Start of Records for the task

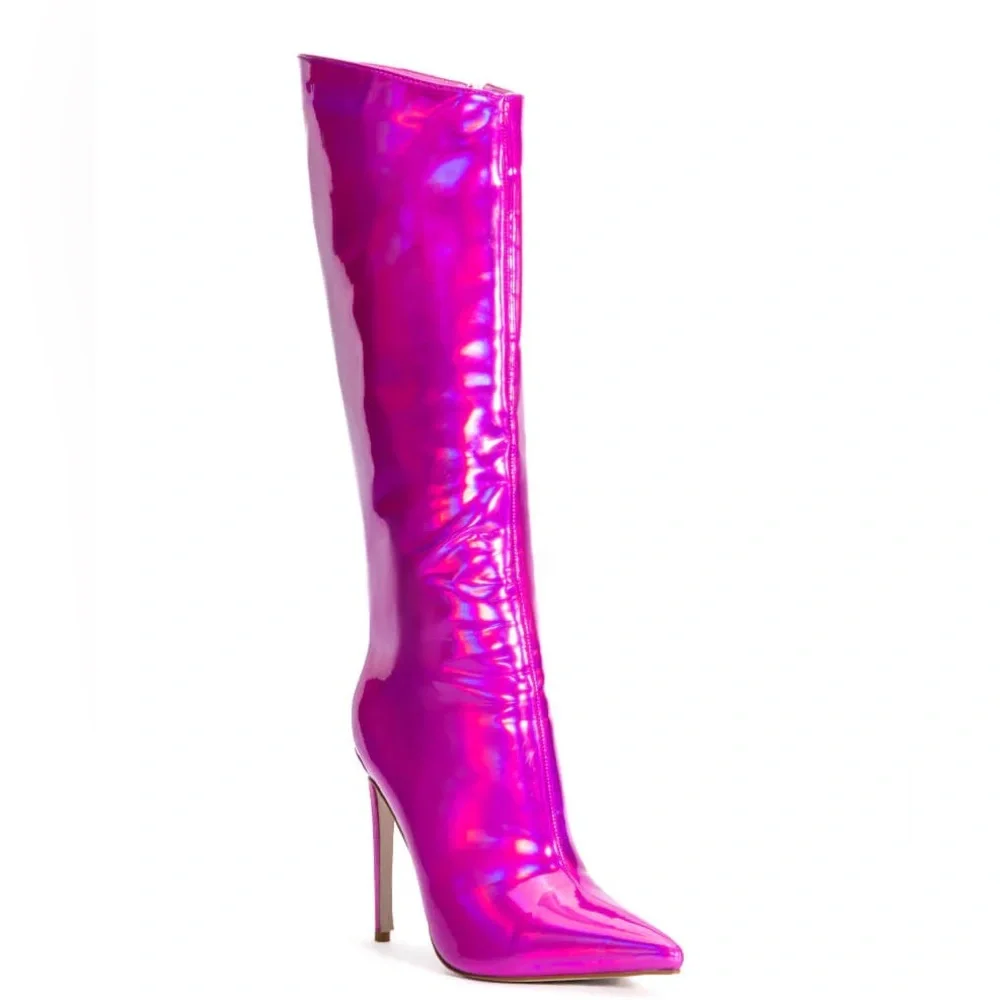 AZALEA WANG Pink Holographic Knee High Stiletto Boot - Picture 5 of 6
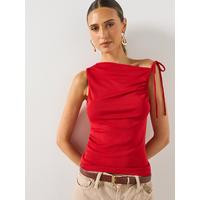 Mango Asymmetric Ruched Top - Red | Very (UK)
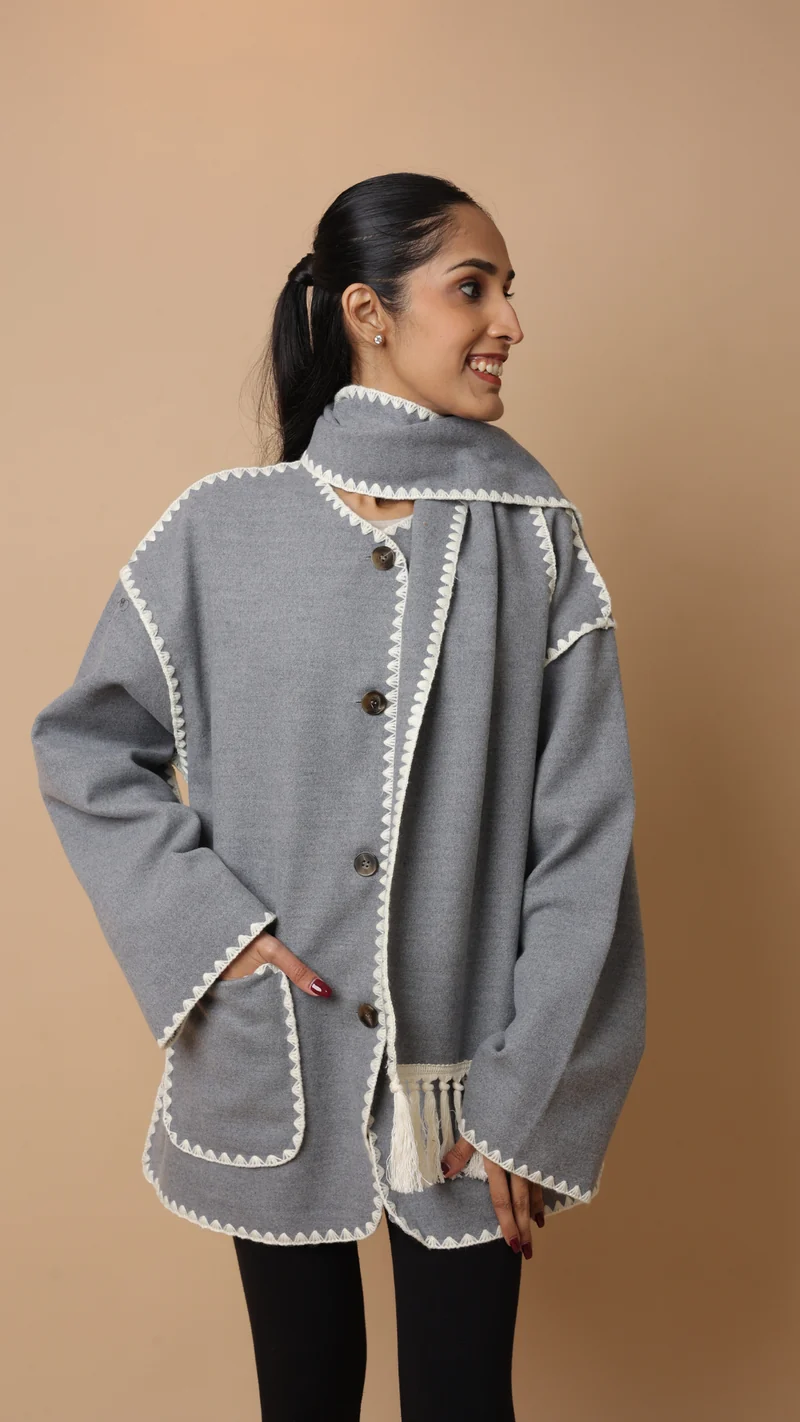 Velora Coat with Scarf (Grey)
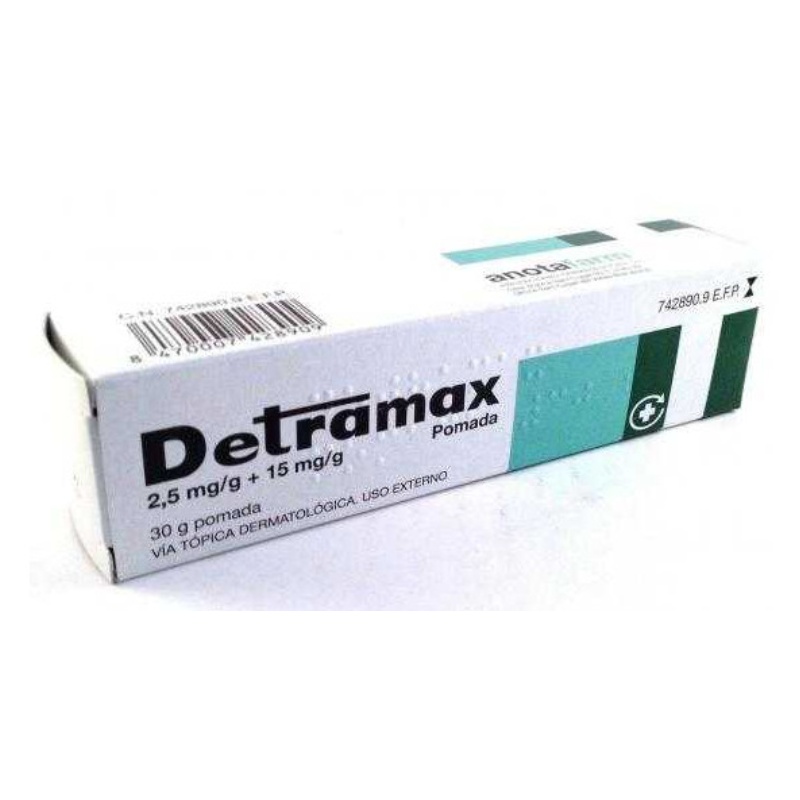 DETRAMAX 2,5 mg/g + 15 mg/g POMADA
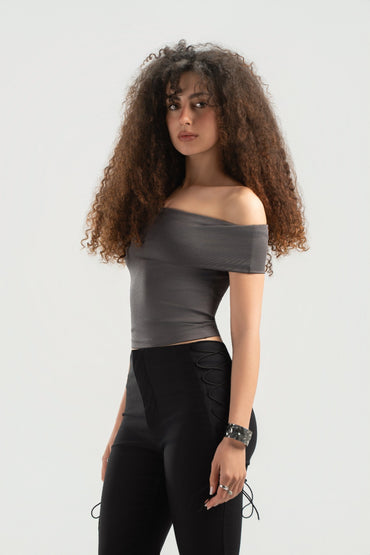 Grey Off-Shoulder Top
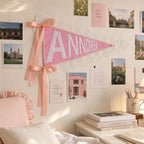 Personalized Name Embroidered Pennant Canvas Banner - Image 3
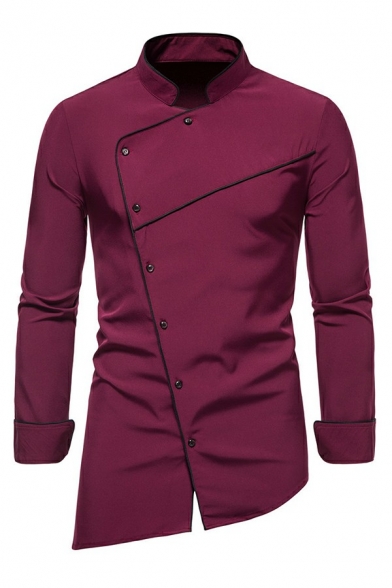 Cool Shirt Contrast Line Stand Collar Long-Sleeved Slim Oblique Button down Shirt for Men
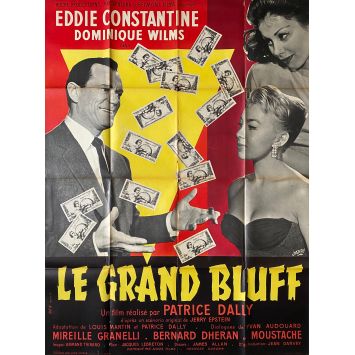 LE GRAND BLUFF Affiche de film Litho - 120x160 cm. - 1957 - Eddie Constantine, Patrice Dally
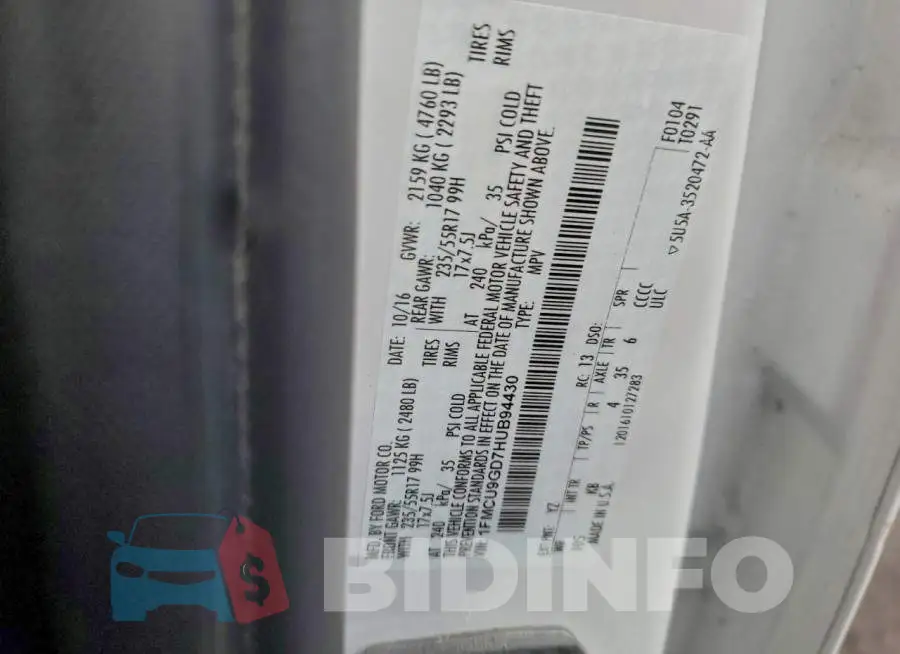 1FMCU9GD7HUB94430 Photo# 13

End of Records for the task

◆ **Requirement**
Starting at the line that contains "LE GRAND BLUFF", write out every line through the final line of the entries, word for word; skip any pictures.

◆ **Answer section**
 LE GRAND BLUFF Affiche de film Litho - 120x160 cm. - 1957 - Eddie Constantine, Patrice Dally
 1FMCU9GD7HUB94430 Photo# 13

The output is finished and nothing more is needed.